These green tides and red tides reduce the amount of dissolved oxygen in the water as well as changes in the color of the water, causing the death of fish and shellfish, etc., and the above-mentioned dead organisms occur in a chain in the biological group, thereby destroying the ecosystem of the surrounding area as well as the water. In addition, when water quality is deteriorated due to the occurrence of green tide or red tide in the lake water used as drinking water, the water quality of the lake water becomes difficult and the water amount of drinking water is also reduced.

In order to overcome this problem, a physical, chemical and biological control method has been proposed to limit eutrophication, temperature rise and sunlight, which cause habitat environment of algae causing green tide and red tides.

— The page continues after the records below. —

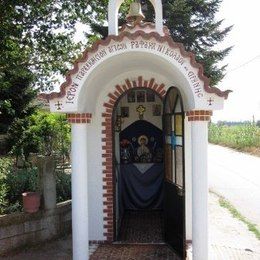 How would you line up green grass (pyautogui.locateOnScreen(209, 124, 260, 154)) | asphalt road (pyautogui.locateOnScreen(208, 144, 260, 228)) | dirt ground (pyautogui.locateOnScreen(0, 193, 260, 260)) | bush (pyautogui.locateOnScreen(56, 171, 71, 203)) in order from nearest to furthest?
dirt ground (pyautogui.locateOnScreen(0, 193, 260, 260)), bush (pyautogui.locateOnScreen(56, 171, 71, 203)), asphalt road (pyautogui.locateOnScreen(208, 144, 260, 228)), green grass (pyautogui.locateOnScreen(209, 124, 260, 154))

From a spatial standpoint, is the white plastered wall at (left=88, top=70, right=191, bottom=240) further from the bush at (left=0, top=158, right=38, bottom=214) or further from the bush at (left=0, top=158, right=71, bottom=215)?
the bush at (left=0, top=158, right=38, bottom=214)

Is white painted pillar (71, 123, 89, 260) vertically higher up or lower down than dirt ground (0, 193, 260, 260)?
higher up

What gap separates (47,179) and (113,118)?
69.9 inches

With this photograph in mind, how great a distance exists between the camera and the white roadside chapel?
6.20 m

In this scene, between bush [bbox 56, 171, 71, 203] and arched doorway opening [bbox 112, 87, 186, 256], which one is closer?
bush [bbox 56, 171, 71, 203]

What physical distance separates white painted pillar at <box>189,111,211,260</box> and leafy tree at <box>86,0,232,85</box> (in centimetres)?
1050

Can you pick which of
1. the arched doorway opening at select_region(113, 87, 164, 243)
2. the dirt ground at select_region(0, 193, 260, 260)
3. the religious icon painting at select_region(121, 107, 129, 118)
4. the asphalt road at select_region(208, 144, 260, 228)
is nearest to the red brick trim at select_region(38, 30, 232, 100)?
the dirt ground at select_region(0, 193, 260, 260)

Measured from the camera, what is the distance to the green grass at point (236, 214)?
951 centimetres

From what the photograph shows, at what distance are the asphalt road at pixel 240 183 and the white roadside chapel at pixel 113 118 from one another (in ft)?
13.4

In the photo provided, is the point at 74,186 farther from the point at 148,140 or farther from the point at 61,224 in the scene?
the point at 148,140

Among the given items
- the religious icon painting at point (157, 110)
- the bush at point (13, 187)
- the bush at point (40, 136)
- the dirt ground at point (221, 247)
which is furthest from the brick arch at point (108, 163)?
the bush at point (40, 136)

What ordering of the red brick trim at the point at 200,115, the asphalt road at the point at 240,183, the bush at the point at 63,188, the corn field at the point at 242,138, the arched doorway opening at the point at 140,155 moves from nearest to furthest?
the red brick trim at the point at 200,115 < the bush at the point at 63,188 < the arched doorway opening at the point at 140,155 < the asphalt road at the point at 240,183 < the corn field at the point at 242,138

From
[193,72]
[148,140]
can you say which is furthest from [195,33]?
[193,72]

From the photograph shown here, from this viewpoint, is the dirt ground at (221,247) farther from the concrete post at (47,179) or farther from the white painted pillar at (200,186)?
the white painted pillar at (200,186) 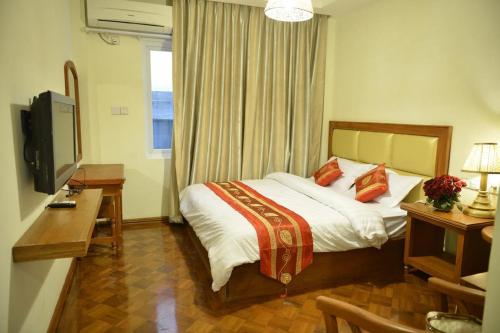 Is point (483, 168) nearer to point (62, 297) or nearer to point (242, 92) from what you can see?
point (242, 92)

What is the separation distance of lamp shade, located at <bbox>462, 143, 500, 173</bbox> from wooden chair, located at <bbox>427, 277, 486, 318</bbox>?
105cm

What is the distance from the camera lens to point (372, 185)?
10.7ft

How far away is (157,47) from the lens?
4211 mm

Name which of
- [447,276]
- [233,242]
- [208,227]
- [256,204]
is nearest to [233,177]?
[256,204]

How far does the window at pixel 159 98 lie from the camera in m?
4.22

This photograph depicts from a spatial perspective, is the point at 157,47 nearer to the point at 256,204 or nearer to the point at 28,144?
the point at 256,204

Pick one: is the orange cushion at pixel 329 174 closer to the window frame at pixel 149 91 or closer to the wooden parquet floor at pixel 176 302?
the wooden parquet floor at pixel 176 302

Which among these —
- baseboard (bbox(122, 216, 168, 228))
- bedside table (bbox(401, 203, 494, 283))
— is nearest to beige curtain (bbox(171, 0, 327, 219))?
baseboard (bbox(122, 216, 168, 228))

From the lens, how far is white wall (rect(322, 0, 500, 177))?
268cm

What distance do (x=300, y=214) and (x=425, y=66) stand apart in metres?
1.82

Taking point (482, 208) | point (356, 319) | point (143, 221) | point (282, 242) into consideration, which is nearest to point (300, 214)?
point (282, 242)

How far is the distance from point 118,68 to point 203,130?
1198 millimetres

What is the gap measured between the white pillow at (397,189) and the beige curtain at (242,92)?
1545mm

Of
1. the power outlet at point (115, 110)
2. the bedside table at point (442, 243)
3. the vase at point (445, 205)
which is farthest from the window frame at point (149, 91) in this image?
the vase at point (445, 205) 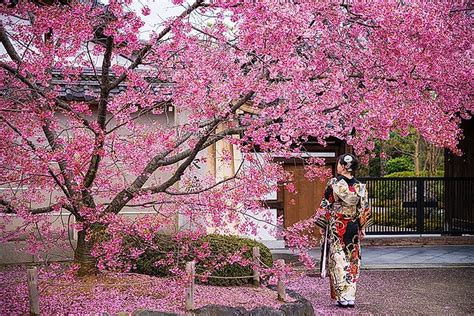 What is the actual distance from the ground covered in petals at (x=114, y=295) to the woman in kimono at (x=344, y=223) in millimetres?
1114

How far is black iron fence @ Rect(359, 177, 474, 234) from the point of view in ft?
55.0

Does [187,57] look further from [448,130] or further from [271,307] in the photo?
[448,130]

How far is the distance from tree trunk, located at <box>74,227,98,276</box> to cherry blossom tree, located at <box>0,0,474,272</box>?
2 cm

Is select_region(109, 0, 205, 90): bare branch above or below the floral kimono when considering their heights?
above

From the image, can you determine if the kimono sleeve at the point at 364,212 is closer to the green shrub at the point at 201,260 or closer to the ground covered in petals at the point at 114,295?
the green shrub at the point at 201,260

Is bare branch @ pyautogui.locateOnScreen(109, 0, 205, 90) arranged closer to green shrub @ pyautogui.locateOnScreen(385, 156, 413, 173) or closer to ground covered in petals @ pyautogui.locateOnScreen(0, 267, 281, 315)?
ground covered in petals @ pyautogui.locateOnScreen(0, 267, 281, 315)

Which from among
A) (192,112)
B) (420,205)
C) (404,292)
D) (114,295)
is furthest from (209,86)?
(420,205)

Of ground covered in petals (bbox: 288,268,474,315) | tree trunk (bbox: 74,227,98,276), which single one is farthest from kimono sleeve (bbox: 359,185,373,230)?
tree trunk (bbox: 74,227,98,276)

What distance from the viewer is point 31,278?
616 cm

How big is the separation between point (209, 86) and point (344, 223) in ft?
10.9

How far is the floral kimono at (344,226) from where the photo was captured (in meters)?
8.88

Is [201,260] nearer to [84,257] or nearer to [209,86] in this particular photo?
[84,257]

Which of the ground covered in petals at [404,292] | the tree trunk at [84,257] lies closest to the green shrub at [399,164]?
the ground covered in petals at [404,292]

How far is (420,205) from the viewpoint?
16875mm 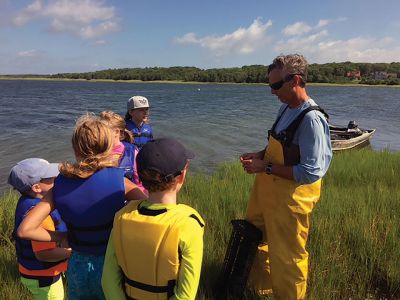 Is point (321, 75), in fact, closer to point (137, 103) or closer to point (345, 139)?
point (345, 139)

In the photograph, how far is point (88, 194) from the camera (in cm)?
228

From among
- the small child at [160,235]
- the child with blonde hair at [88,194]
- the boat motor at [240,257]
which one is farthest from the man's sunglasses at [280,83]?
the child with blonde hair at [88,194]

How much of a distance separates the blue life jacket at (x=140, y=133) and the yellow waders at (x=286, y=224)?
2.38 m

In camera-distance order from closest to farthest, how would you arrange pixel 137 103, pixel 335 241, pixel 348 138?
pixel 335 241
pixel 137 103
pixel 348 138

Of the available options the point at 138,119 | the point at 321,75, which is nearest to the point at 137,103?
the point at 138,119

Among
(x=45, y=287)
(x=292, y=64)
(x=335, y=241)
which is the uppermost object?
(x=292, y=64)

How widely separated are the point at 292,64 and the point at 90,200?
1.91 metres

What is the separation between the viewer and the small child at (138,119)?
5.11m

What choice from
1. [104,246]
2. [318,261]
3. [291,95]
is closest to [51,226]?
[104,246]

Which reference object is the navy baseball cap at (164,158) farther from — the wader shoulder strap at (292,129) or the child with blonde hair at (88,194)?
the wader shoulder strap at (292,129)

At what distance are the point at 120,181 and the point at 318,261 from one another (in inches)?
101

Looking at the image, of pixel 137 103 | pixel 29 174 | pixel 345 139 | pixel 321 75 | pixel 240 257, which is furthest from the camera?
pixel 321 75

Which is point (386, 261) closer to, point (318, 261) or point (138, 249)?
point (318, 261)

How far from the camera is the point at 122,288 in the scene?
7.09ft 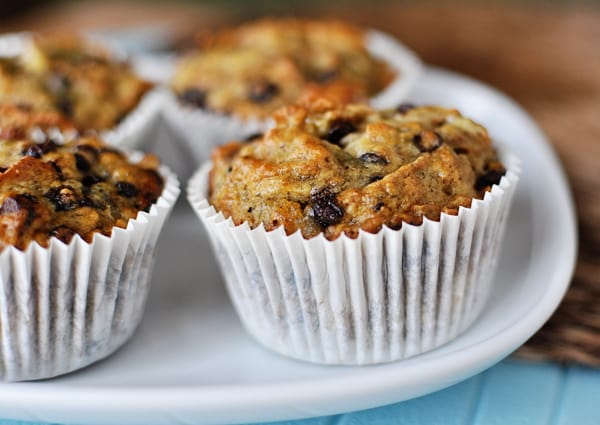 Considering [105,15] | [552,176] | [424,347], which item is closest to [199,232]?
[424,347]

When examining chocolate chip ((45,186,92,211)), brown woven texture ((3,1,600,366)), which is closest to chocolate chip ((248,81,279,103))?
chocolate chip ((45,186,92,211))

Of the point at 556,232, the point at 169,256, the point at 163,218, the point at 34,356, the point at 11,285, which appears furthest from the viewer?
the point at 169,256

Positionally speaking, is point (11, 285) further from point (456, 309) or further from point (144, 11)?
point (144, 11)

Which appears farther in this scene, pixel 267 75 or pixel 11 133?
pixel 267 75

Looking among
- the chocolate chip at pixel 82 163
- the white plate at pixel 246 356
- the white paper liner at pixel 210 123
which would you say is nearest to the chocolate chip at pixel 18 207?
the chocolate chip at pixel 82 163

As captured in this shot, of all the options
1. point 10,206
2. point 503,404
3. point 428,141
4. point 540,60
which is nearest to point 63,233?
point 10,206

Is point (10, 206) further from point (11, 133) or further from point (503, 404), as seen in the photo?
point (503, 404) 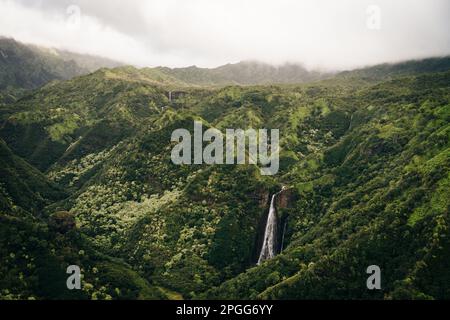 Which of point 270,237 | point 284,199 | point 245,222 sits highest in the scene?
point 284,199

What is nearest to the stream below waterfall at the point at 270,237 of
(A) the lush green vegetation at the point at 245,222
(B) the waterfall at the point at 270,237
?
(B) the waterfall at the point at 270,237

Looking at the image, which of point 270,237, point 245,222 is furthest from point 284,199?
point 245,222

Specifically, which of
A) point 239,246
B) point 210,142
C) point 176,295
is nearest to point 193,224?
point 239,246

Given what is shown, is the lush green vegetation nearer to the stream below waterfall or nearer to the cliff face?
the cliff face

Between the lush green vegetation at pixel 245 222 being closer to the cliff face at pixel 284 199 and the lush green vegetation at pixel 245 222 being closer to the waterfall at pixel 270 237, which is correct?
the cliff face at pixel 284 199

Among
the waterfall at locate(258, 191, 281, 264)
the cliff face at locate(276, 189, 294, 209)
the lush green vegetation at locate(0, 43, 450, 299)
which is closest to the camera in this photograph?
the lush green vegetation at locate(0, 43, 450, 299)

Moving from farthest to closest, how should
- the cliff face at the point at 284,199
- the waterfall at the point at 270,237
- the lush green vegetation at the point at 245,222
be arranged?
1. the cliff face at the point at 284,199
2. the waterfall at the point at 270,237
3. the lush green vegetation at the point at 245,222

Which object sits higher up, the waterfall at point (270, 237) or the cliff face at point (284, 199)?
the cliff face at point (284, 199)

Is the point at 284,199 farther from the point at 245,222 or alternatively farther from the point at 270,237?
the point at 245,222

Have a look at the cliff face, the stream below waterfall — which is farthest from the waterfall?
the cliff face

Conventional chemical / biological control methods include a loess spraying method for inducing flocculation and sedimentation of algae, a fungicide spraying method for algae sterilization, a phosphorus adsorption method using silicate dendritic agent, and a method for flocculation and flooding of algae Methods of spraying natural coagulants, an aquamat method for increasing microbial activity rates for nitrogen and phosphorus removal, and aquatic planting methods for absorbing nitrogen and phosphorus and blocking sunlight in water. Conventional physical control methods include a method of collecting algae using an algae removing line, a method of discharging a low water for preventing water stagnation, a method of water circulation in water, a method of installing algae inflow prevention film, a spraying method, And the method of generating microbubbles for disturbance, the sunlight blocking method for preventing photosynthesis of algae, and the method of installing livestock manure disposal plant or sewage treatment plant upstream to limit the inflow of nutrients into lake water.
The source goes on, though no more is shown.